Phenomenologically, there is a particle inside the box. Then, suddenly, the box widens to twice its size. However, the wave-function does not change. Even though the particle has a bigger box in which to move around, the initial wave-function does not take this extra room into account, and would equal zero when $x>L$. Hence, I would not expect for the particle to venture out to the new region much, if we used only the initial wave-function. Or, is the problem that the particle will indeed venture out there (since $V(x)=0$, and it is physically allowed to), but we have not considered this in our normalizing of the function?
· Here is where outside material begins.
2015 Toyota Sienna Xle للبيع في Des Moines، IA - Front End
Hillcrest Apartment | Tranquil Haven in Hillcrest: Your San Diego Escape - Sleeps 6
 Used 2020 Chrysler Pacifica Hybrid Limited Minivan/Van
Hence, it makes no sense to calculate any property of the particle with the "initial" wave-function, since this is simply the incorrect wave-function for the new well?

New ideas and thoughts

Okay, so I have to evaluate the integral

$$ c_1 = \int\limits_{- \infty}^{\infty} \psi_1 (x) \Psi (x) dx $$

where $\psi_1$ is the theoretical wave-function for a particle in the entire box, that is from $0$ to $2L$, and $\Psi$ is the wave-function for the actual particle, that is from $0$ to $L$.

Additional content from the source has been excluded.